*Dataset records:*
——————————
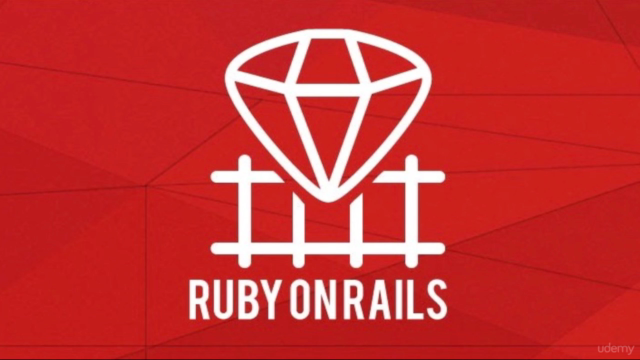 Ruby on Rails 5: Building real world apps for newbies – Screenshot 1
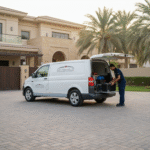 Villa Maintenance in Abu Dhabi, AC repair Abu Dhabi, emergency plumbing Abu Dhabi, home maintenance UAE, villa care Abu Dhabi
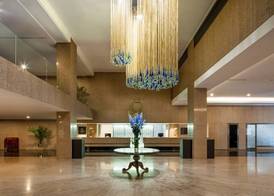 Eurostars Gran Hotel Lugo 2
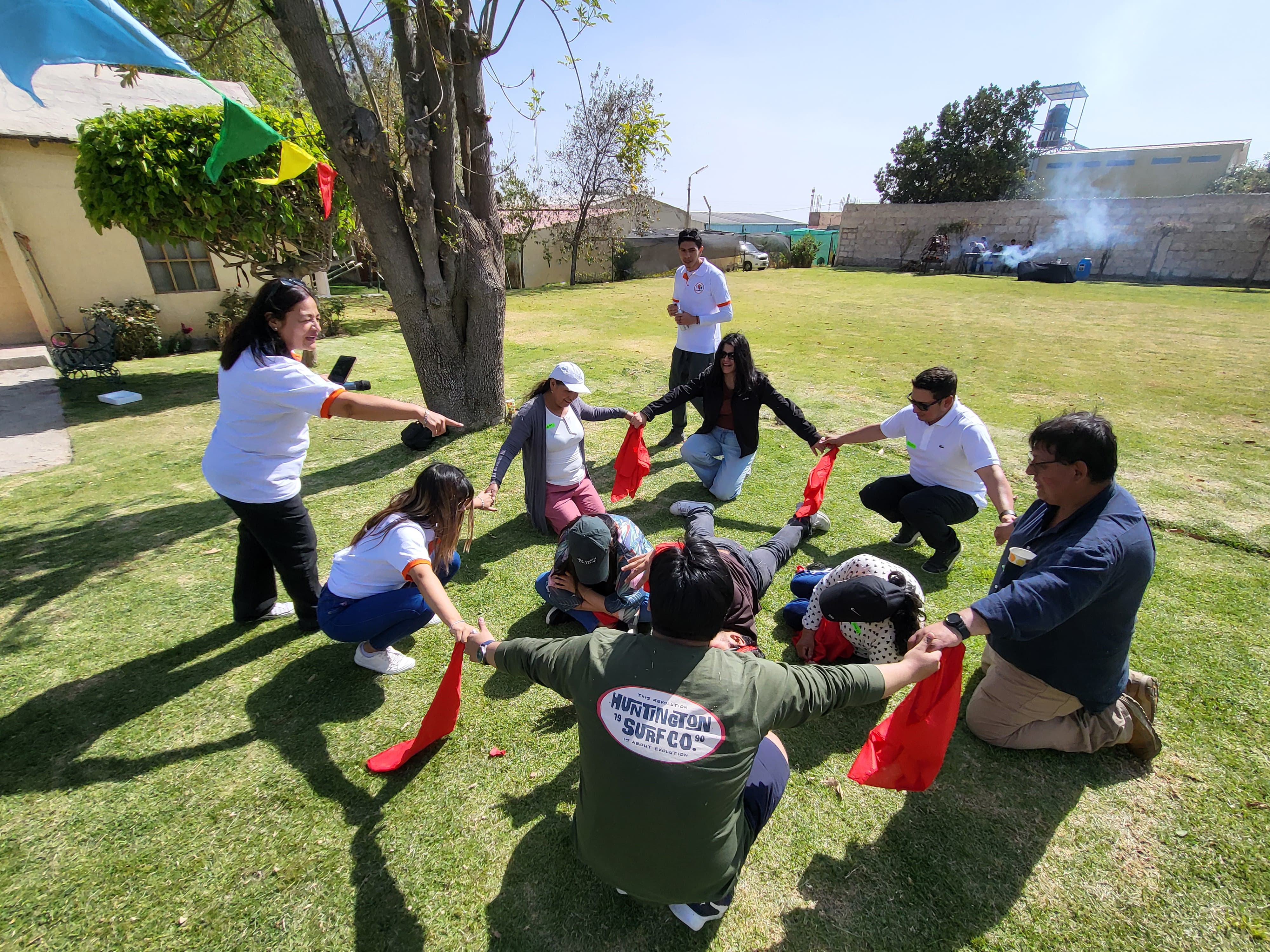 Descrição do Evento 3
——————————
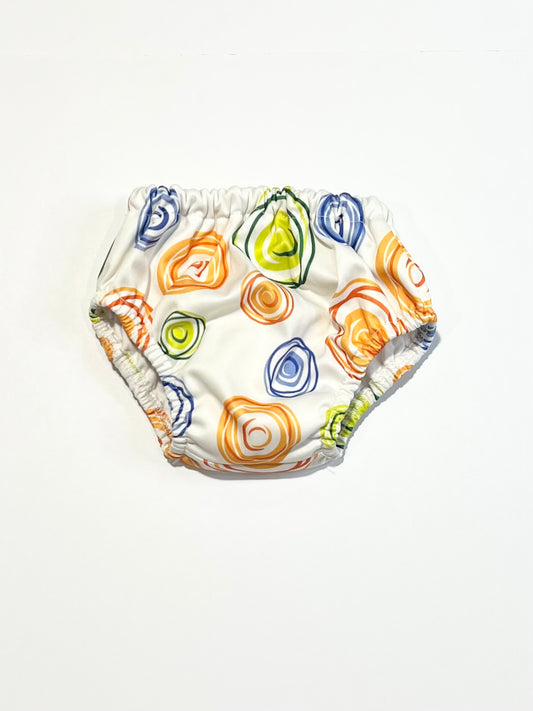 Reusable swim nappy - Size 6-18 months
——————————
*What the task requires:* Repeat exactly, and only, the entries from the line with "Eurostars Gran Hotel Lugo 2" through the line with "Descrição do Evento 3". Pictures are skipped.

*Finished task:*
 Eurostars Gran Hotel Lugo 2
 Descrição do Evento 3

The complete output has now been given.